FlagEmbedding icon indicating copy to clipboard operation
FlagEmbedding copied to clipboard

Problem with fine-tuning bge-reranker-v2-gemma

Open Ask-sola opened this issue 11 months ago • 2 comments

I followed the code below to fine-tune the model:

torchrun --nproc_per_node 2 \
    -m FlagEmbedding.finetune.reranker.decoder_only.base \
    --model_name_or_path BAAI/bge-reranker-v2-gemma \
    --use_lora True \
    --lora_rank 32 \
    --lora_alpha 64 \
    --use_flash_attn True \
    --target_modules q_proj k_proj v_proj o_proj \
    --save_merged_lora_model True \
    --model_type decoder \
    --cache_dir ./cache/model \
    --train_data /root/autodl-tmp/fine_tune_data_train.jsonl \
    --cache_path ./cache/data \
    --train_group_size 8 \
    --query_max_len 512 \
    --passage_max_len 512 \
    --pad_to_multiple_of 8 \
    --knowledge_distillation False \
    --query_instruction_for_rerank 'A: ' \
    --query_instruction_format '{}{}' \
    --passage_instruction_for_rerank 'B: ' \
    --passage_instruction_format '{}{}' \
    --output_dir ./test_decoder_only_base_bge-reranker-v2-minicpm-layerwise \
    --overwrite_output_dir \
    --learning_rate 2e-4 \
    --bf16 \
    --num_train_epochs 20 \
    --per_device_train_batch_size 2 \
    --gradient_accumulation_steps 1 \
    --dataloader_drop_last True \
    --warmup_ratio 0.1 \
    --gradient_checkpointing \
    --weight_decay 0.01 \
    --deepspeed ../ds_stage0.json \
    --logging_steps 1 \
    --save_steps 1000

After obtaining a checkpoint folder, I tried loading the model with the following code:

reranker = FlagLLMReranker('/data1/hya/private/old_book/second/checkpoint-140', cache_dir='/data1/hya/cache')
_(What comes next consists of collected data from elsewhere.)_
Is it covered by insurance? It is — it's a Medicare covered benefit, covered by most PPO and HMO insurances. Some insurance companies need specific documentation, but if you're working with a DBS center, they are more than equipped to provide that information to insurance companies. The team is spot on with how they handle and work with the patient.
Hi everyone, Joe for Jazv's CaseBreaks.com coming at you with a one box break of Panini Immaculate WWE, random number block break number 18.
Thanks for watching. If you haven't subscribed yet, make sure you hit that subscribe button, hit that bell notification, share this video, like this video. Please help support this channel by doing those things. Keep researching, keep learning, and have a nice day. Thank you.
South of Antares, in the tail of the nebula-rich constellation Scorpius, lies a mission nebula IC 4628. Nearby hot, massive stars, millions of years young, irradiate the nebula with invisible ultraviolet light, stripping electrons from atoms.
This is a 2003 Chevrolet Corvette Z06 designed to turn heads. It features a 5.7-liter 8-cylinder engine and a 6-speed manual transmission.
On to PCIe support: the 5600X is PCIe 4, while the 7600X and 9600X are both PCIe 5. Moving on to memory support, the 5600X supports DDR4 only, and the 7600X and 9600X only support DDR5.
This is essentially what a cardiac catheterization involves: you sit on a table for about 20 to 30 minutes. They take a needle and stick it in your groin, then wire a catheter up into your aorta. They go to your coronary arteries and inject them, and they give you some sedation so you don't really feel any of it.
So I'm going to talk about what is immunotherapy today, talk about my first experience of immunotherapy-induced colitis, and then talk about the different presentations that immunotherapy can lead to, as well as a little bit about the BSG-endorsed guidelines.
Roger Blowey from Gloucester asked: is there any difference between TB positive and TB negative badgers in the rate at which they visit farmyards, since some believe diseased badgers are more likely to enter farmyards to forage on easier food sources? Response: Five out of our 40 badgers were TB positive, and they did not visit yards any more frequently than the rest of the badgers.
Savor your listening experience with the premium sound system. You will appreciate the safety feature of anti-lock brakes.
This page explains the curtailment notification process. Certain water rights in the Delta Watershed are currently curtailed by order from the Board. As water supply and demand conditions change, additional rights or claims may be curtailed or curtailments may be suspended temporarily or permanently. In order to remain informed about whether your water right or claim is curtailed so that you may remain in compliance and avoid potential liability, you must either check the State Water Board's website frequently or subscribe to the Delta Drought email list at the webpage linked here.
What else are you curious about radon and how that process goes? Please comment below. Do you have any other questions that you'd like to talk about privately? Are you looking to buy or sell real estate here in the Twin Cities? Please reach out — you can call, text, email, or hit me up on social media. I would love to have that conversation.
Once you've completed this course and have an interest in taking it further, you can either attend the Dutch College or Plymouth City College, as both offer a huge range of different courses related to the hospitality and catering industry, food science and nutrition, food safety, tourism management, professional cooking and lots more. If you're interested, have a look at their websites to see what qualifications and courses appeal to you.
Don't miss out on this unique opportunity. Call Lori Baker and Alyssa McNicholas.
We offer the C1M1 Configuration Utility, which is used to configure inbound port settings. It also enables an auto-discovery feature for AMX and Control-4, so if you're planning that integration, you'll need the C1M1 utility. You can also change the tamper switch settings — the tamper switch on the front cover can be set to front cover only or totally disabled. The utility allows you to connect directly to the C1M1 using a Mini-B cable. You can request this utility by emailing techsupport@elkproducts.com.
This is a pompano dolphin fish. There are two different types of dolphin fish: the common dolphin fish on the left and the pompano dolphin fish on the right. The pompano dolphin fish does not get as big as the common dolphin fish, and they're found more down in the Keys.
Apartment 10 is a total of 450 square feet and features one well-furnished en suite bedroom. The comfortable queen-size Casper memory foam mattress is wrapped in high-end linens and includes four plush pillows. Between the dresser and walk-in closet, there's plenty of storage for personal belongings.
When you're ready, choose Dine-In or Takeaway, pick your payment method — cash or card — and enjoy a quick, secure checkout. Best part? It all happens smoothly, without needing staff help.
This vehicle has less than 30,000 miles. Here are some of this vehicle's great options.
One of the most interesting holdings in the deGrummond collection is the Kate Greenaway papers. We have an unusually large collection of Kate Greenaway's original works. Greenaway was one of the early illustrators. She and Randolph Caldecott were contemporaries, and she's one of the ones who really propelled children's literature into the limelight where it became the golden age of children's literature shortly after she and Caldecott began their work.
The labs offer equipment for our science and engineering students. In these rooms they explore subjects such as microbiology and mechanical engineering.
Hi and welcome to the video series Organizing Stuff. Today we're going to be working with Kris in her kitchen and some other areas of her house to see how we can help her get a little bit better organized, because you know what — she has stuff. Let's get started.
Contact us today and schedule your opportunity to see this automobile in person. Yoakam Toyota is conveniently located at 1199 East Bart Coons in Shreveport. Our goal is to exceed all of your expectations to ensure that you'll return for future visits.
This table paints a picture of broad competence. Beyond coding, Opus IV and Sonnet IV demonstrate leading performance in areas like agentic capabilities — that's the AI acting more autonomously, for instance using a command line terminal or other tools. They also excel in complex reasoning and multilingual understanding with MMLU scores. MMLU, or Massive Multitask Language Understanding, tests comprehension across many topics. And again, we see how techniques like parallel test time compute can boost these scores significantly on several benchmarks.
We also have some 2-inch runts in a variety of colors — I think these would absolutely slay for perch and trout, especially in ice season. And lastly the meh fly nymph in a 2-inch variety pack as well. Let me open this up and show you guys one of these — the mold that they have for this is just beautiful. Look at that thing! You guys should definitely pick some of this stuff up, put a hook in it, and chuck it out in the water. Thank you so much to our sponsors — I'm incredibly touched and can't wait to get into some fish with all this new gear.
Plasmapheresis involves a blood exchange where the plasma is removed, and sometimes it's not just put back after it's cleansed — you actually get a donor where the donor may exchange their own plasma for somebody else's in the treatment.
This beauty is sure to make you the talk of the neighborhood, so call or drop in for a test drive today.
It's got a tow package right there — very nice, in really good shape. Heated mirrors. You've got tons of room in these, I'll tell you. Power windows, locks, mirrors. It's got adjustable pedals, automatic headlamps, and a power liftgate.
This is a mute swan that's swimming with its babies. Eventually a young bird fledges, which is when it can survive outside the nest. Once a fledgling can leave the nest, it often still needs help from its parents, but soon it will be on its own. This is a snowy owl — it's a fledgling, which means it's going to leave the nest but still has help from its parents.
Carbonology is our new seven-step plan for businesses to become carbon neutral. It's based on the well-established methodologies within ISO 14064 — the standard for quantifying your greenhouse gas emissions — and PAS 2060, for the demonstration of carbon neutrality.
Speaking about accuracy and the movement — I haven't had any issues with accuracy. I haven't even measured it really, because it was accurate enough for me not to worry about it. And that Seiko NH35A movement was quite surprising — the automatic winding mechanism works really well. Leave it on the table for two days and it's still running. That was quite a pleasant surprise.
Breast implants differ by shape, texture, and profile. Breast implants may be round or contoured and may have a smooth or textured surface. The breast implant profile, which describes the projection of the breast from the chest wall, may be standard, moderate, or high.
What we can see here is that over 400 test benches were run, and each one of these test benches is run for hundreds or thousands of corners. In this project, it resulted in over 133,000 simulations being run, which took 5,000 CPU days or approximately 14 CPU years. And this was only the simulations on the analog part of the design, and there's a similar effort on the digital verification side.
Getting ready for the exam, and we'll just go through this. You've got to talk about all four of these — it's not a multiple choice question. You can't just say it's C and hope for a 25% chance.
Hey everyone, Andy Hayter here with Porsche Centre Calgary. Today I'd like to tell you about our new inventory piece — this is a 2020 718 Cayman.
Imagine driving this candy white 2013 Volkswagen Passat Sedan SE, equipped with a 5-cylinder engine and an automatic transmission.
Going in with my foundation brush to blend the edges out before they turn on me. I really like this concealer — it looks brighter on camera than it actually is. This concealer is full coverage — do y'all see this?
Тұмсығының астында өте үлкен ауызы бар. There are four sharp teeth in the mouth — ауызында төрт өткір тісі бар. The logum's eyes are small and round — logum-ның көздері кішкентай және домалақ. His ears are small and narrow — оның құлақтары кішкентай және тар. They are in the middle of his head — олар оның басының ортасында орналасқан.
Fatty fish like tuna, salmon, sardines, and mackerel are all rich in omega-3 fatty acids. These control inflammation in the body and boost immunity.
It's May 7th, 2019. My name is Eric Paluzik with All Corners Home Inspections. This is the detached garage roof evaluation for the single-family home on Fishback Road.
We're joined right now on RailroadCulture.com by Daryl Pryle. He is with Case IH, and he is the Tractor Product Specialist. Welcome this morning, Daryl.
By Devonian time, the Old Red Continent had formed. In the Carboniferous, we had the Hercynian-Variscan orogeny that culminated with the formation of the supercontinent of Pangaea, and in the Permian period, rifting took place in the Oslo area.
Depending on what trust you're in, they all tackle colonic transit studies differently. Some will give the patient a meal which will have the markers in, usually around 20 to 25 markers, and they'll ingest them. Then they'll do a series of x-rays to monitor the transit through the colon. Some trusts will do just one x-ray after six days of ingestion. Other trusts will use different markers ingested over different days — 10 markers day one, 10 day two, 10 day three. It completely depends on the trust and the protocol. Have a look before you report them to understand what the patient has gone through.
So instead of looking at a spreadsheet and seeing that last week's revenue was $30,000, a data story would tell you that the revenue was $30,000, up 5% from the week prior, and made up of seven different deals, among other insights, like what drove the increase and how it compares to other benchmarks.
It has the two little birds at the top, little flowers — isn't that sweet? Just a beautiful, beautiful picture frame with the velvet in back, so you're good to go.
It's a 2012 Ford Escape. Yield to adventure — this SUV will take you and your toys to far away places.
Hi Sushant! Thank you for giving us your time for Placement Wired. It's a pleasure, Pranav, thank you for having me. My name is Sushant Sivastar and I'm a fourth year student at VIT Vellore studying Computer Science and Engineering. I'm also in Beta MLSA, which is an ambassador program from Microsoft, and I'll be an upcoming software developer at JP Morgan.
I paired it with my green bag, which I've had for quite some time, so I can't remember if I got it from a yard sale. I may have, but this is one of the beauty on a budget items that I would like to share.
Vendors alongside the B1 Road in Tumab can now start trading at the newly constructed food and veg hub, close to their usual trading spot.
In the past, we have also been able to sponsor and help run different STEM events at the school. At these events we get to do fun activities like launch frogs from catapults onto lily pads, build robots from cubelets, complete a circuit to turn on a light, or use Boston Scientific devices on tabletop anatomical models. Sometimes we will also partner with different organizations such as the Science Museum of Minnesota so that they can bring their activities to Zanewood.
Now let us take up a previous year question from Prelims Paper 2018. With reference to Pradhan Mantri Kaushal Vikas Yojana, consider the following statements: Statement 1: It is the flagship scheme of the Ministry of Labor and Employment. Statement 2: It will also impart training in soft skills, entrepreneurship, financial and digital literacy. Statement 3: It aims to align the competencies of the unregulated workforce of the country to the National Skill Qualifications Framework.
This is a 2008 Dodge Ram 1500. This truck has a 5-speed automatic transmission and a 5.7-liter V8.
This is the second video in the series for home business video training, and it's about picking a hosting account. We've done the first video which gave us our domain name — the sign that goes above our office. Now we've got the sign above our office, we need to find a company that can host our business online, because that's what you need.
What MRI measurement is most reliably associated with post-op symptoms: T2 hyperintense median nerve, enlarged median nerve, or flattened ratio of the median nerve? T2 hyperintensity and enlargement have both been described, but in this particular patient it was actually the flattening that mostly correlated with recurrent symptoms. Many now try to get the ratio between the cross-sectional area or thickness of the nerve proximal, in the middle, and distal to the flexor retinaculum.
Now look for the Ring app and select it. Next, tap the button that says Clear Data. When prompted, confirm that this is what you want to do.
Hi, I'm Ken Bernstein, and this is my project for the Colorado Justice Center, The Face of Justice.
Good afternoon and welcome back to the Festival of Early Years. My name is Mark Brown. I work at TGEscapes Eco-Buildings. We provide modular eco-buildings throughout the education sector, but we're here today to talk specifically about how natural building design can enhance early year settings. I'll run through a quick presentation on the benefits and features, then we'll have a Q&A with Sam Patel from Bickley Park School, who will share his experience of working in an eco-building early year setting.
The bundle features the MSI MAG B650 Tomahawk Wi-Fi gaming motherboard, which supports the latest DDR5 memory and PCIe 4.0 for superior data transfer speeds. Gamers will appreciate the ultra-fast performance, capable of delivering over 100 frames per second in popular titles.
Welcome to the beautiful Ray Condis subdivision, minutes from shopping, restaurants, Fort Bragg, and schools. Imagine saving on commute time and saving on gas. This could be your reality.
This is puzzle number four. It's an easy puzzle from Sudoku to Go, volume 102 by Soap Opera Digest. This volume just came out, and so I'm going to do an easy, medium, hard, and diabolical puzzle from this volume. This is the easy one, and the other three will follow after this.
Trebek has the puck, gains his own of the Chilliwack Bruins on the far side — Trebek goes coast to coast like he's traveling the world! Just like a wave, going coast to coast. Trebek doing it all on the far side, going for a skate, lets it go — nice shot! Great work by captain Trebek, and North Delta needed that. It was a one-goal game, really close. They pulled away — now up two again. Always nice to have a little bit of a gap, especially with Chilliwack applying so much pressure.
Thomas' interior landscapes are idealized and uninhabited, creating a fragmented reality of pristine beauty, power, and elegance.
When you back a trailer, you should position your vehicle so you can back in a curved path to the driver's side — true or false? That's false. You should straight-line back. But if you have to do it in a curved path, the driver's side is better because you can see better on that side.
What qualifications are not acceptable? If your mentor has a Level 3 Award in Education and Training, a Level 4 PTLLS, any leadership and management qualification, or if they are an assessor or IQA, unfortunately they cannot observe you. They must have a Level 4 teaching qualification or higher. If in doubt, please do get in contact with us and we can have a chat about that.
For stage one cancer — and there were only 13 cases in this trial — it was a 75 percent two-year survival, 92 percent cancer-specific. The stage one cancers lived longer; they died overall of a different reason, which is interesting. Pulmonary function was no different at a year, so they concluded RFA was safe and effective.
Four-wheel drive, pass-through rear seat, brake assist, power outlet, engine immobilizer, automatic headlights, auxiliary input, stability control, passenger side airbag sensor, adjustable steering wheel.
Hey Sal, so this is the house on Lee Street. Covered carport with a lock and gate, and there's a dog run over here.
However, I am unable to load the model and encountered the following error:

Traceback (most recent call last):
  File "/data1/hya/private/old_book/second/GetHardBookPairs.py", line 39, in <module>
    reranker = FlagLLMReranker('/data1/hya/private/old_book/second/checkpoint-140',cache_dir='/data1/hya/cache')
  File "/data1/hya/miniconda3/envs/LLM/lib/python3.10/site-packages/FlagEmbedding/inference/reranker/decoder_only/base.py", line 180, in __init__
    self.model = AutoModelForCausalLM.from_pretrained(
  File "/data1/hya/miniconda3/envs/LLM/lib/python3.10/site-packages/transformers/models/auto/auto_factory.py", line 564, in from_pretrained
    return model_class.from_pretrained(
  File "/data1/hya/miniconda3/envs/LLM/lib/python3.10/site-packages/transformers/modeling_utils.py", line 4041, in from_pretrained
    model.load_adapter(
  File "/data1/hya/miniconda3/envs/LLM/lib/python3.10/site-packages/transformers/integrations/peft.py", line 188, in load_adapter
    peft_config = PeftConfig.from_pretrained(
  File "/data1/hya/miniconda3/envs/LLM/lib/python3.10/site-packages/peft/config.py", line 152, in from_pretrained
    return cls.from_peft_type(**kwargs)
  File "/data1/hya/miniconda3/envs/LLM/lib/python3.10/site-packages/peft/config.py", line 119, in from_peft_type
    return config_cls(**kwargs)
TypeError: LoraConfig.__init__() got an unexpected keyword argument 'eva_config'

Ask-sola avatar Jan 21 '25 15:01 Ask-sola

You need to load model from output_dir/merged_model, not checkpoint-*. The model in checkpoint-* is the LORA weight.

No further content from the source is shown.